Even though the 1619 Project does not engage with critical race theory, Hannah-Jones explained that many conservative news outlets have conflated the two, turning them into buzzwords — with critical race theory being named in Fox News about 1,800 times. (Critical race theory is a graduate-level legal theory that interrogates the role of race and racism in society, not present in K-12 classrooms or the 1619 Project curriculums.)
As discussion about both grew, many states — including Texas, Idaho, Tennessee, Oklahoma, Iowa, New Hampshire, Arizona and South Carolina — have passed legislation banning or restricting the teaching of critical race theory in classrooms in recent months, what Hannah-Jones said was an act using the power of the state to limit the spread of ideas.
“It would be laughable if it weren’t so dangerous,” she said, quoting lawyer, activist and leading critical race theory scholar Kimberlé Crenshaw ’81, who has been outspoken about the aforementioned state laws.
Amid these events, Hannah-Jones emphasized the importance of learning accurate history in classrooms and in the academic world.
“History is the fruit of power, but power itself is never so transparent that its analysis becomes superfluous,” she said, quoting anthropologist Michel-Rolph Trouillot. “The ultimate mark of power may be its invisibility; the ultimate challenge, the exposition of its roots.”
If history is not learned, she said, power can stay in power.
Hannah-Jones noted the significance of training journalists to read history and to report on democracy “with the urgency it needs,” especially when it comes to race. She explained that some mainstream publications are concerned about being labeled as “too liberal” rather than focusing on telling the truth about racism, slavery and the treatment of Black Americans.

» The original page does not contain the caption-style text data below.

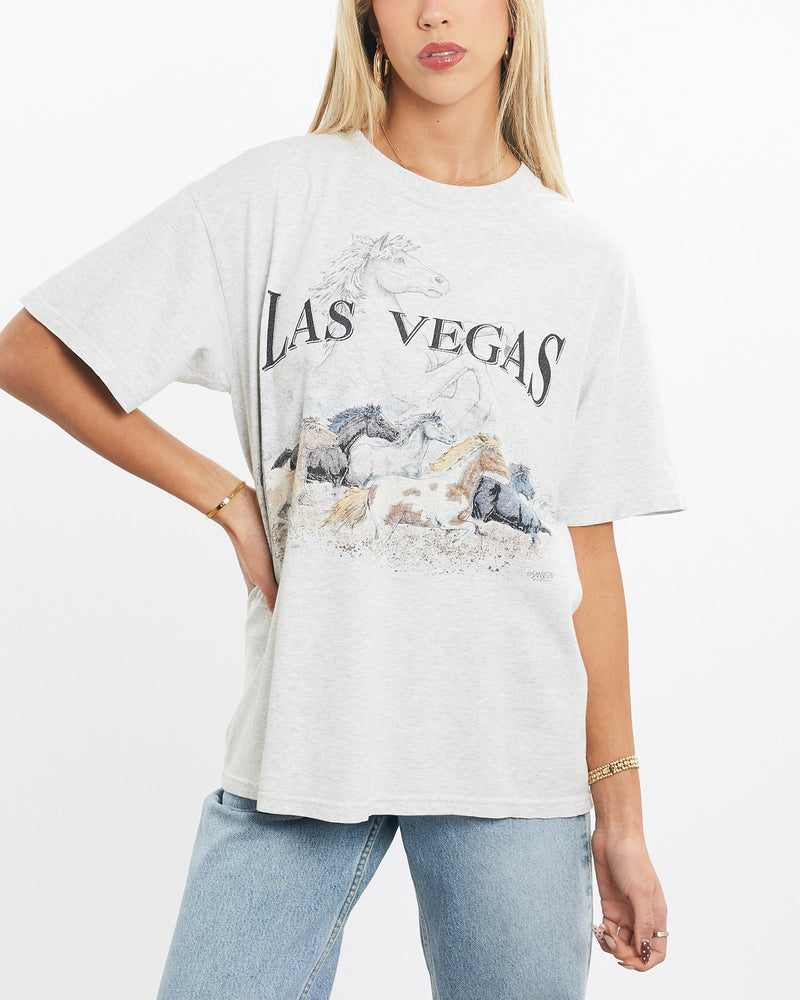 Vintage, 1993, Las, Vegas, Horse, Wildlife, Tee, The Real Deal, size small, colour Grey, newtown, sydney, australia, thrift store, opshop, preloved, secondhand, sustainable, retro, antique, 70s, 80s, 90s, 2000s, 00s, fashion, clothing, streetwear, trendy, garment, style, boutique, store, shop, archive, sale, cheap, best, top, T-Shirts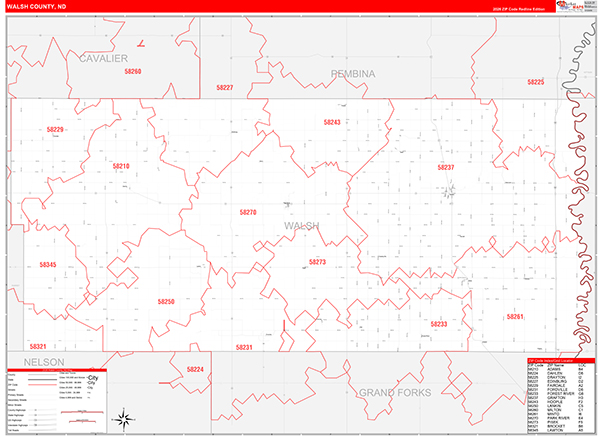 Walsh County, ND Wall Map Red Line Style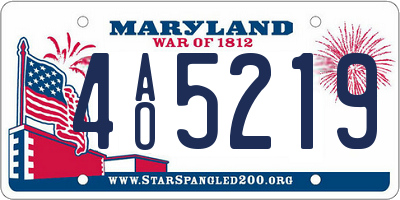 MD license plate 4AO5219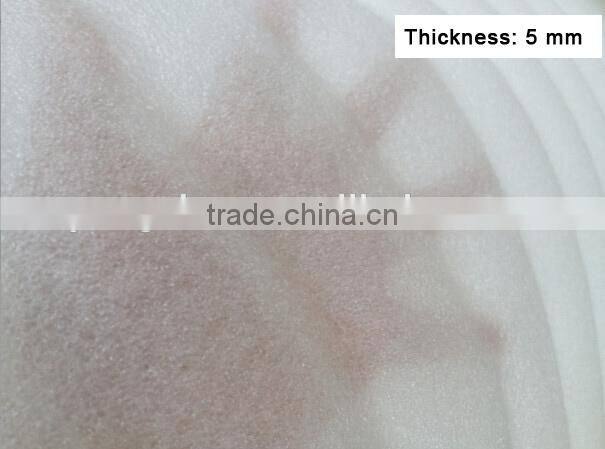 China Export Wholesale EPE foam cloth cushion film /color white /tasteless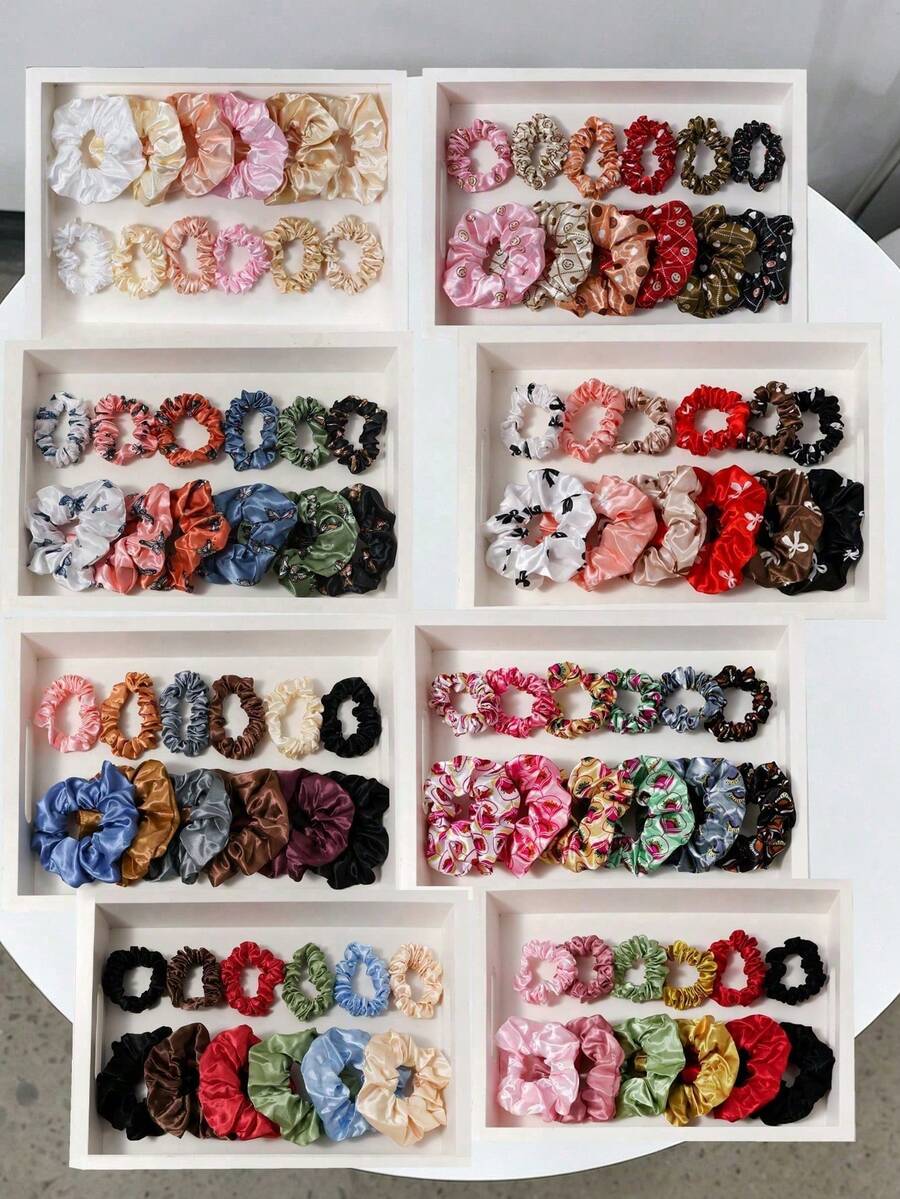 12pcs Solid Color Satin Hair Scrunchies, Soft & Non-Damaging Hair Ties For Women, Suitable For Various Hairstyles, Multiple Colors & Styles Available, Versatile Everyday Hair Accessories For Ponytail And Bun - Multicolor - View 1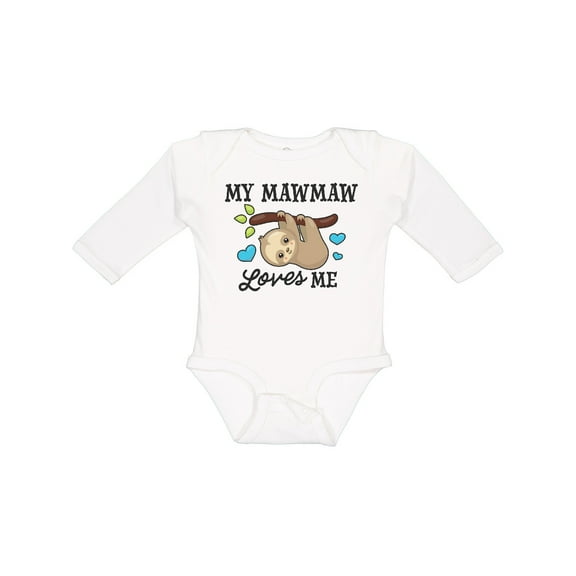 Inktastic My Mawmaw Loves Me with Sloth and Hearts Boys or Girls Long Sleeve Baby Bodysuit
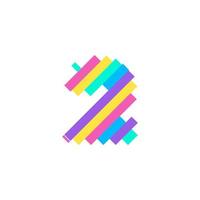 Plantilla de diseño de logotipo de número de píxel 2 moderno colorido. Ilustración de vector de elemento de símbolo de icono de tecnología creativa perfecta para su identidad visual.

She also mentioned the relevance and magnitude of Black journalists reporting on issues related to democracy.
“Who better to report and understand how dangerous of a time we are in,” Hannah-Jones said, “than Black journalists, who have always had to write about the worst.”
As her lecture came to a close, Hannah-Jones reminded Thursday’s audience of a pressing notion: Prioritizing democracy and standing up for racial equality must be a collaborative effort.
“You have to step up and fight for the democracy you think you have,” she said, noting that young people can take action — including through advocacy and educating themselves — to work toward justice.
A key part of this work, she said, is recognizing that America was built upon racism and slavery — only after Americans acknowledge this past can they move toward a more equitable future, she told Cornellians.